> [Your objective] Every single record below is to be reproduced exactly.

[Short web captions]

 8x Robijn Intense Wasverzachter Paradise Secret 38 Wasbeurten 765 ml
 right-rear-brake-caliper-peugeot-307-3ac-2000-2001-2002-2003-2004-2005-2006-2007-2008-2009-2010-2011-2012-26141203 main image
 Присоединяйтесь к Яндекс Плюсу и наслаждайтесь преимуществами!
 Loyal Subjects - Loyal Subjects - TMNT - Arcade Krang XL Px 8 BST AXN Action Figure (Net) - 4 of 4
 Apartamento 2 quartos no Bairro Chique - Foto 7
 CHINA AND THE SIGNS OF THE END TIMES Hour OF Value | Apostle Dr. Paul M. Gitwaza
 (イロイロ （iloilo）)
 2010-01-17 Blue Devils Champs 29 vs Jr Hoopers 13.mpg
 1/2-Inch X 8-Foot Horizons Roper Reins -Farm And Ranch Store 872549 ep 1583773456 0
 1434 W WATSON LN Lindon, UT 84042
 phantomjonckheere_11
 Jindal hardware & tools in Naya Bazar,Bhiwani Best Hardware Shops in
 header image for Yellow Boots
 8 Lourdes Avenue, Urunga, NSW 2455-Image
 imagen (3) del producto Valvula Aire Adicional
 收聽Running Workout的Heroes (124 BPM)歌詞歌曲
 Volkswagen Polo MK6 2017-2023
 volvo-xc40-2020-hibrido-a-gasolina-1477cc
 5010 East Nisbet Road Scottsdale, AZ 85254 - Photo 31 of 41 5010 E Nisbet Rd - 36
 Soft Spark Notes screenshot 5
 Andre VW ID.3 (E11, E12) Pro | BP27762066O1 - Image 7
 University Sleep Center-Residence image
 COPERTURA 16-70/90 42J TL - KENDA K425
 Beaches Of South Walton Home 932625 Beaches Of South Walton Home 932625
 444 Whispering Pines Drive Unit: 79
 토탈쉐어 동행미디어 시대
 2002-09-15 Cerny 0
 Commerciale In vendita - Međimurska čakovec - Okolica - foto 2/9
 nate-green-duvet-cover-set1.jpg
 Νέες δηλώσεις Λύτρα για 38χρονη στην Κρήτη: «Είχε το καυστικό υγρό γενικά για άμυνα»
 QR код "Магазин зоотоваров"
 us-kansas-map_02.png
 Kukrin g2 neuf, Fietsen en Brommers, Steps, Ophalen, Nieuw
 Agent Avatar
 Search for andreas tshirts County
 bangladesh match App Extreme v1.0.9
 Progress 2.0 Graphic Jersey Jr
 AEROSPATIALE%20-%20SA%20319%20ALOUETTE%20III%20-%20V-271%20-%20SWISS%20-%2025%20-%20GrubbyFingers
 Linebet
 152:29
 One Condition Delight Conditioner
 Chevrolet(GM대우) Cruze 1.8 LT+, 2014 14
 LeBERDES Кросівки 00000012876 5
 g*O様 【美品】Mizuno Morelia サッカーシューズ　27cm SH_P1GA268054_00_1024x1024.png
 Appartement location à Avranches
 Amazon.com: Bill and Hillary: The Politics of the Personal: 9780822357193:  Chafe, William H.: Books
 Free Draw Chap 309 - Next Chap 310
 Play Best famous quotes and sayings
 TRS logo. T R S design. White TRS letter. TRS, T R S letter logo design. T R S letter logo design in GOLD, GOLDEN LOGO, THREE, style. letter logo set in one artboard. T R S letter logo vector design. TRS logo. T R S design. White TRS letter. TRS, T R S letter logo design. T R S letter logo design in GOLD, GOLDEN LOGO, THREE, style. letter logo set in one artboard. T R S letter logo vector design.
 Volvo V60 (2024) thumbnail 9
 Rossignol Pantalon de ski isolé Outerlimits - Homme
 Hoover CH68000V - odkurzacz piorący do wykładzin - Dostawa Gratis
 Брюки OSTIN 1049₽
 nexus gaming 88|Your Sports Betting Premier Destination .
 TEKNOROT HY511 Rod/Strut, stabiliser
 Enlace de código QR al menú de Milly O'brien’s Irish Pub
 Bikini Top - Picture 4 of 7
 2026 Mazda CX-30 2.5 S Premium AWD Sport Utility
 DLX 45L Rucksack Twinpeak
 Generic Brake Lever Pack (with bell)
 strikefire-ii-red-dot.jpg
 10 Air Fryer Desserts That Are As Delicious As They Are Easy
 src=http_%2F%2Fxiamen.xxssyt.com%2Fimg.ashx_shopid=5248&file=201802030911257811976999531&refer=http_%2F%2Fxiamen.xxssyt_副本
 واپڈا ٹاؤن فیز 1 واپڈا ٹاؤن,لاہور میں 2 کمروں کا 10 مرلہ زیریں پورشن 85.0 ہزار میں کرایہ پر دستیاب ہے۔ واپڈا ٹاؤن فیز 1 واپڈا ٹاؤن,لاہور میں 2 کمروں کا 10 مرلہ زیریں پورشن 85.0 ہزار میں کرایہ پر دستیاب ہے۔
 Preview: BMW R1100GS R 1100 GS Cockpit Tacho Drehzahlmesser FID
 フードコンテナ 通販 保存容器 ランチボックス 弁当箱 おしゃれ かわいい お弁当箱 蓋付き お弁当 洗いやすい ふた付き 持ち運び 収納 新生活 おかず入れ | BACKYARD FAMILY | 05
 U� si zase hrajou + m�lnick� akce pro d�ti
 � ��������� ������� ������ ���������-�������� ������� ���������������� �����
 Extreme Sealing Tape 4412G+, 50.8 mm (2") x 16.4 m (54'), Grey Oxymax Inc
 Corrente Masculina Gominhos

> [Response to the task]
 8x Robijn Intense Wasverzachter Paradise Secret 38 Wasbeurten 765 ml
 right-rear-brake-caliper-peugeot-307-3ac-2000-2001-2002-2003-2004-2005-2006-2007-2008-2009-2010-2011-2012-26141203 main image
 Присоединяйтесь к Яндекс Плюсу и наслаждайтесь преимуществами!
 Loyal Subjects - Loyal Subjects - TMNT - Arcade Krang XL Px 8 BST AXN Action Figure (Net) - 4 of 4
 Apartamento 2 quartos no Bairro Chique - Foto 7
 CHINA AND THE SIGNS OF THE END TIMES Hour OF Value | Apostle Dr. Paul M. Gitwaza
 (イロイロ （iloilo）)
 2010-01-17 Blue Devils Champs 29 vs Jr Hoopers 13.mpg
 1/2-Inch X 8-Foot Horizons Roper Reins -Farm And Ranch Store 872549 ep 1583773456 0
 1434 W WATSON LN Lindon, UT 84042
 phantomjonckheere_11
 Jindal hardware & tools in Naya Bazar,Bhiwani Best Hardware Shops in
 header image for Yellow Boots
 8 Lourdes Avenue, Urunga, NSW 2455-Image
 imagen (3) del producto Valvula Aire Adicional
 收聽Running Workout的Heroes (124 BPM)歌詞歌曲
 Volkswagen Polo MK6 2017-2023
 volvo-xc40-2020-hibrido-a-gasolina-1477cc
 5010 East Nisbet Road Scottsdale, AZ 85254 - Photo 31 of 41 5010 E Nisbet Rd - 36
 Soft Spark Notes screenshot 5
 Andre VW ID.3 (E11, E12) Pro | BP27762066O1 - Image 7
 University Sleep Center-Residence image
 COPERTURA 16-70/90 42J TL - KENDA K425
 Beaches Of South Walton Home 932625 Beaches Of South Walton Home 932625
 444 Whispering Pines Drive Unit: 79
 토탈쉐어 동행미디어 시대
 2002-09-15 Cerny 0
 Commerciale In vendita - Međimurska čakovec - Okolica - foto 2/9
 nate-green-duvet-cover-set1.jpg
 Νέες δηλώσεις Λύτρα για 38χρονη στην Κρήτη: «Είχε το καυστικό υγρό γενικά για άμυνα»
 QR код "Магазин зоотоваров"
 us-kansas-map_02.png
 Kukrin g2 neuf, Fietsen en Brommers, Steps, Ophalen, Nieuw
 Agent Avatar
 Search for andreas tshirts County
 bangladesh match App Extreme v1.0.9
 Progress 2.0 Graphic Jersey Jr
 AEROSPATIALE%20-%20SA%20319%20ALOUETTE%20III%20-%20V-271%20-%20SWISS%20-%2025%20-%20GrubbyFingers
 Linebet
 152:29
 One Condition Delight Conditioner
 Chevrolet(GM대우) Cruze 1.8 LT+, 2014 14
 LeBERDES Кросівки 00000012876 5
 g*O様 【美品】Mizuno Morelia サッカーシューズ　27cm SH_P1GA268054_00_1024x1024.png
 Appartement location à Avranches
 Amazon.com: Bill and Hillary: The Politics of the Personal: 9780822357193:  Chafe, William H.: Books
 Free Draw Chap 309 - Next Chap 310
 Play Best famous quotes and sayings
 TRS logo. T R S design. White TRS letter. TRS, T R S letter logo design. T R S letter logo design in GOLD, GOLDEN LOGO, THREE, style. letter logo set in one artboard. T R S letter logo vector design. TRS logo. T R S design. White TRS letter. TRS, T R S letter logo design. T R S letter logo design in GOLD, GOLDEN LOGO, THREE, style. letter logo set in one artboard. T R S letter logo vector design.
 Volvo V60 (2024) thumbnail 9
 Rossignol Pantalon de ski isolé Outerlimits - Homme
 Hoover CH68000V - odkurzacz piorący do wykładzin - Dostawa Gratis
 Брюки OSTIN 1049₽
 nexus gaming 88|Your Sports Betting Premier Destination .
 TEKNOROT HY511 Rod/Strut, stabiliser
 Enlace de código QR al menú de Milly O'brien’s Irish Pub
 Bikini Top - Picture 4 of 7
 2026 Mazda CX-30 2.5 S Premium AWD Sport Utility
 DLX 45L Rucksack Twinpeak
 Generic Brake Lever Pack (with bell)
 strikefire-ii-red-dot.jpg
 10 Air Fryer Desserts That Are As Delicious As They Are Easy
 src=http_%2F%2Fxiamen.xxssyt.com%2Fimg.ashx_shopid=5248&file=201802030911257811976999531&refer=http_%2F%2Fxiamen.xxssyt_副本
 واپڈا ٹاؤن فیز 1 واپڈا ٹاؤن,لاہور میں 2 کمروں کا 10 مرلہ زیریں پورشن 85.0 ہزار میں کرایہ پر دستیاب ہے۔ واپڈا ٹاؤن فیز 1 واپڈا ٹاؤن,لاہور میں 2 کمروں کا 10 مرلہ زیریں پورشن 85.0 ہزار میں کرایہ پر دستیاب ہے۔
 Preview: BMW R1100GS R 1100 GS Cockpit Tacho Drehzahlmesser FID
 フードコンテナ 通販 保存容器 ランチボックス 弁当箱 おしゃれ かわいい お弁当箱 蓋付き お弁当 洗いやすい ふた付き 持ち運び 収納 新生活 おかず入れ | BACKYARD FAMILY | 05
 U� si zase hrajou + m�lnick� akce pro d�ti
 � ��������� ������� ������ ���������-�������� ������� ���������������� �����
 Extreme Sealing Tape 4412G+, 50.8 mm (2") x 16.4 m (54'), Grey Oxymax Inc
 Corrente Masculina Gominhos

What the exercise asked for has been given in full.